Sir, – Your report “Earth has been pushed past its safe limits for humans, scientists say” (News, May 31st) makes for alarming reading, particularly as it confirms what most scientists have been telling us for years. Yet the coverage of this, and similar reports, is treated by most media as if it were a niche story of interest to a small subset of the population rather than a stark warning about vast problems that we’re creating right now for our children and grandchildren.
Ironically enough, there is far more news coverage being given to the reversal of the fuel excise duty cuts, or the return of flights between Dublin and Cork.
This idea that climate change and biodiversity loss are of limited interest is by no means confined to the media – many of our politicians operate under the same presumption and will happily treat action in these areas as if it were an optional “bargaining chip” between competing interests. In his recent interview with The Irish Times (News, May 27th), the Taoiseach clearly articulated the view that emissions reduction measures are “for” Green voters. Meanwhile, MEPs from the State’s three biggest parties seem likely to reinforce Ireland’s poor record on biodiversity by failing to support the EU nature restoration law.

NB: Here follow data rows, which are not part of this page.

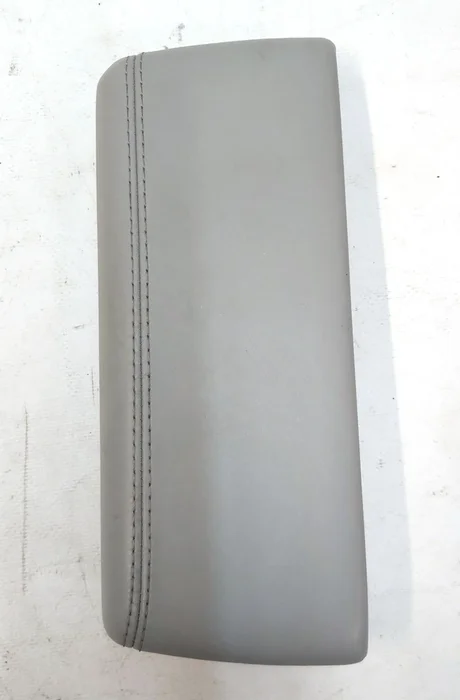 Konzolová loketní opěrka LEA GREY pravá Tesla model S, model S REST, model X 1046444-04-D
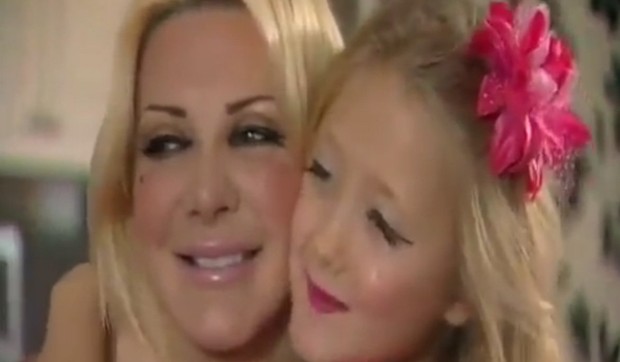 249593_sarah-burge02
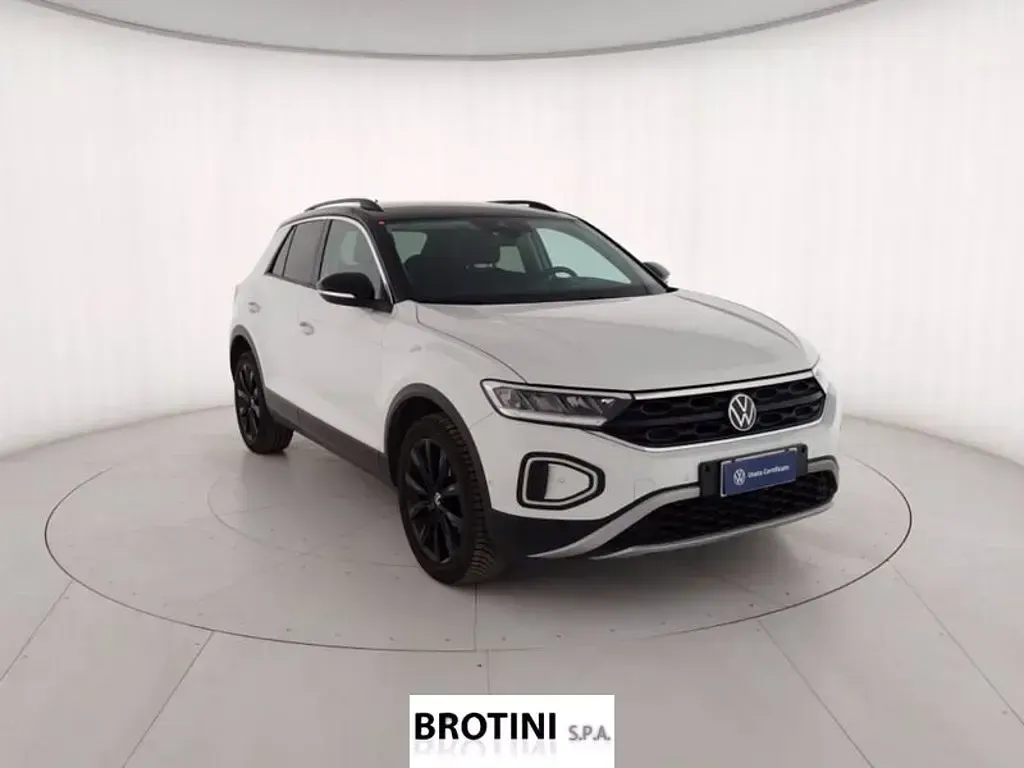 Usata VW T-Roc Life 110 CV (80 kW) 2023 Blu opaco SUV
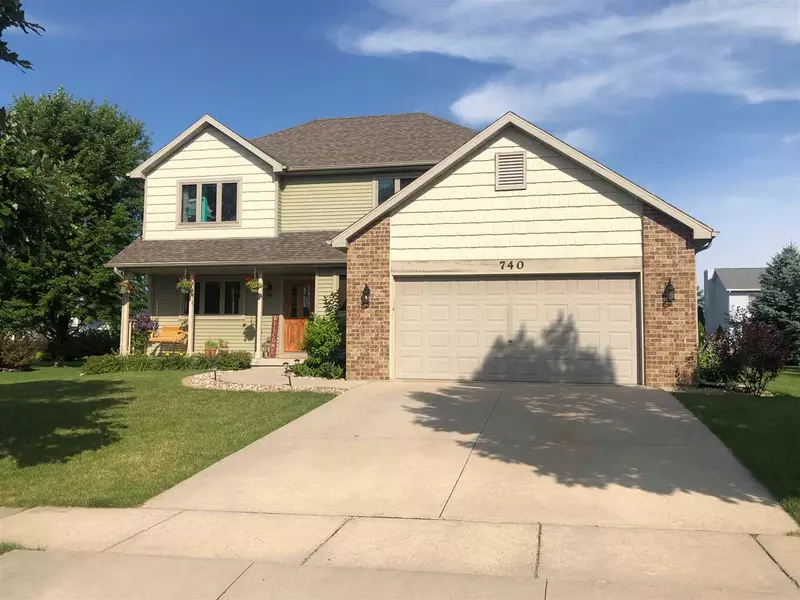 740 Valley View Dr, Stoughton, WI 53589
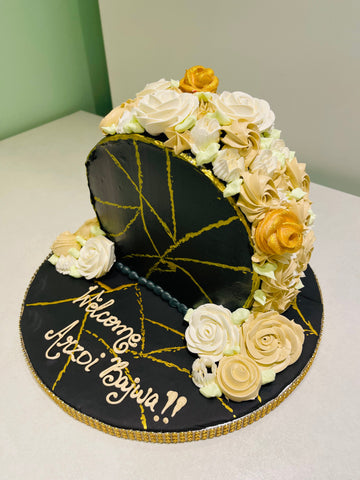 BLACK & GOLD ARCH CAKE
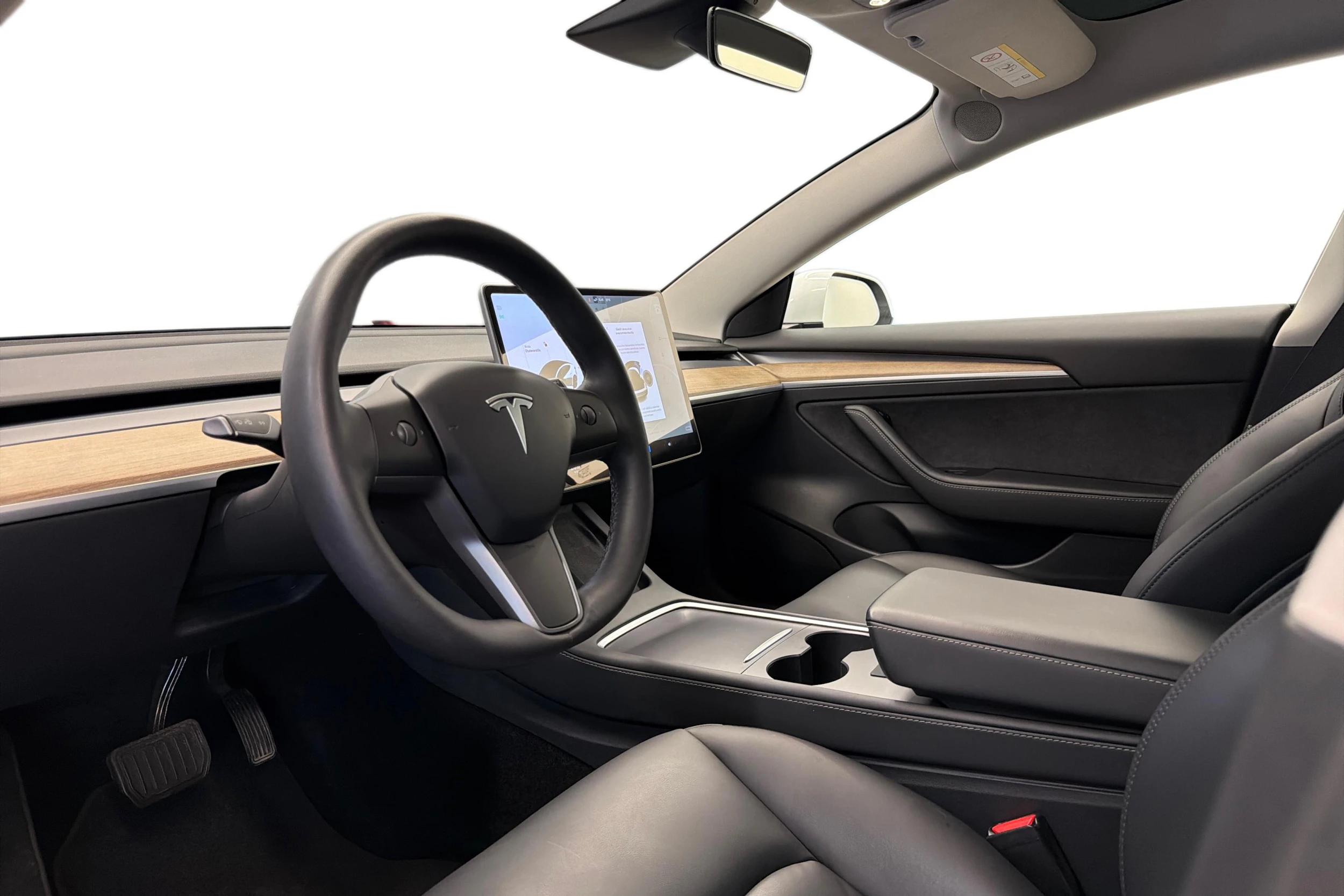 valkoinen Tesla Model 3 2021 kuva 6.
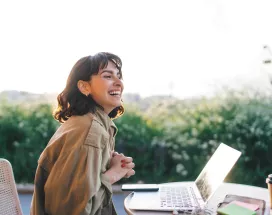 mulher feliz a olhar para o computador
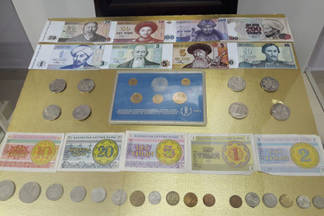 В историко-краеведческом музее Семея открылась выставка, посвященная Дню национальной валюты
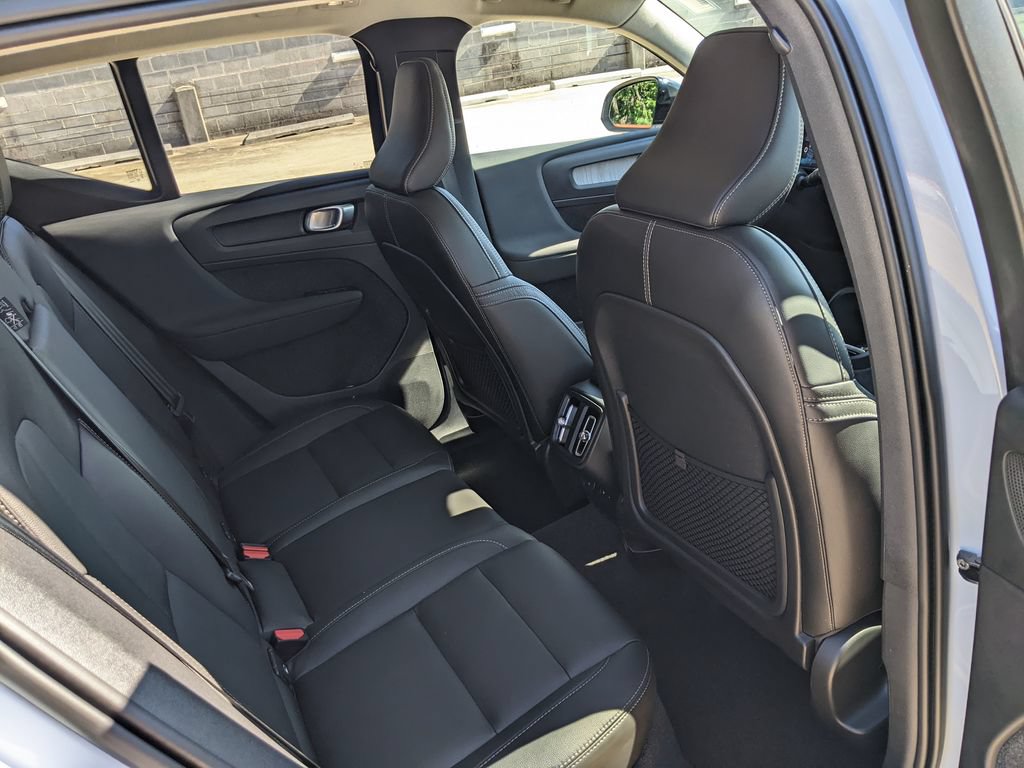 Certified 2024 Volvo XC40 B5 Plus w/ Protection Package Premier AWD/4WD image 24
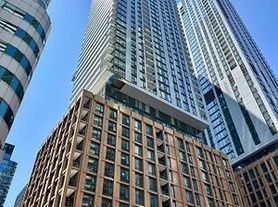 8 Widmer St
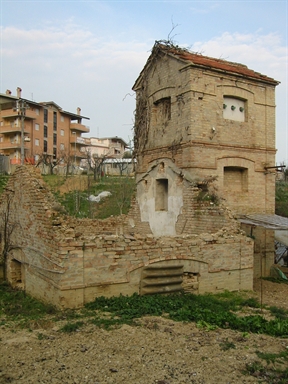 Cabina di sollevamento acqua sorgiva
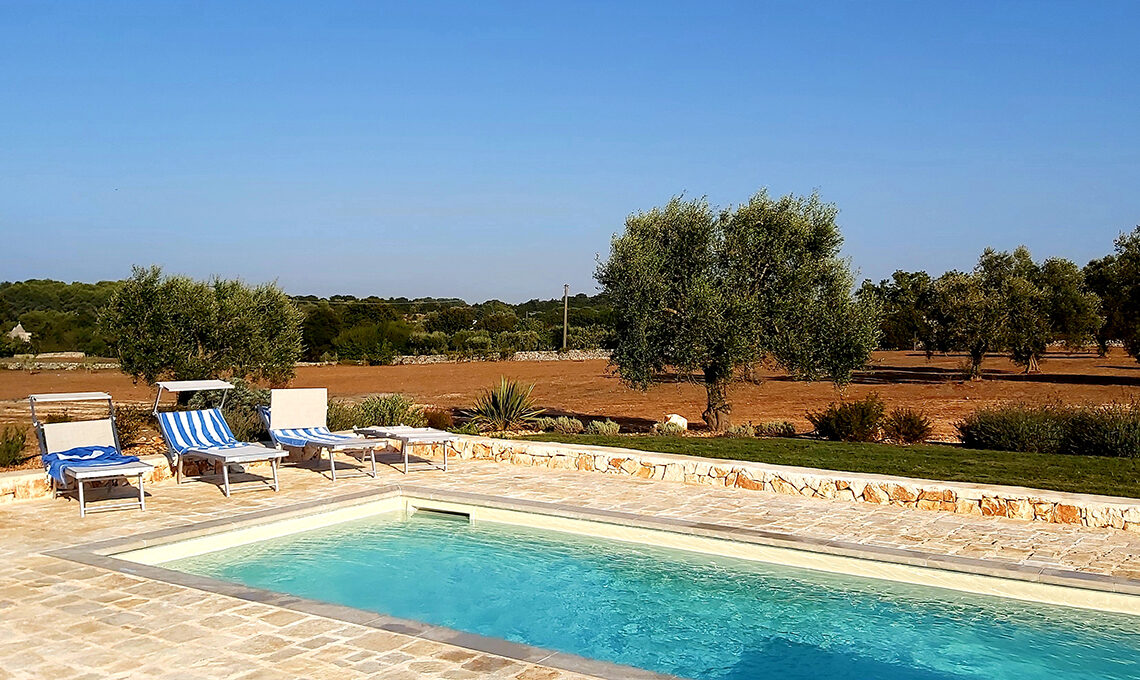 Trullo con piscina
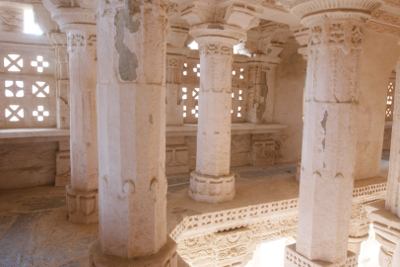 Two-storey column inside of Vedi Manir, Kumbhalgar, Rajasthan (India)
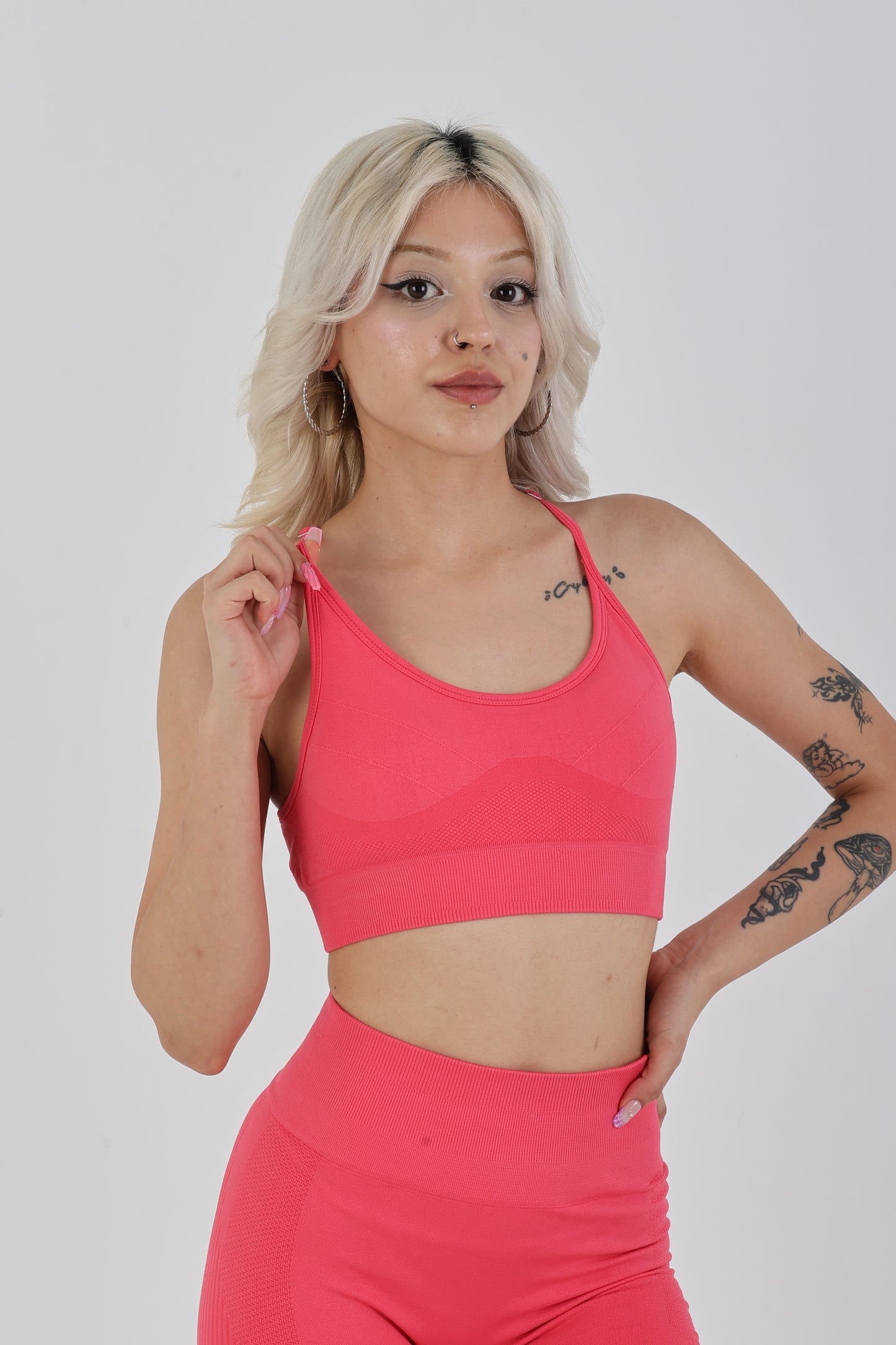 Raspberry Seamless Sporcu Büstiyer – Hafif & Şık Duruş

Of course, most people have plenty of other things to worry about day to day, and there is a lot of work required to improve housing and health services. Politicians would say that their actions and voting records reflect these priorities, which is reasonable up to a point. But what is needed right now is an ability to handle multiple things at once, to see the big picture, and to articulate the challenges to the rest of us. This is made much more difficult when those same politicians exist in (and contribute to) a media landscape where climate action is treated as a “minority sport” that’s largely disconnected from the economy and politics in general.
As the financial crash showed clearly, there’s only so long that politicians can ignore warnings in favour of electorally tempting short-term incentives.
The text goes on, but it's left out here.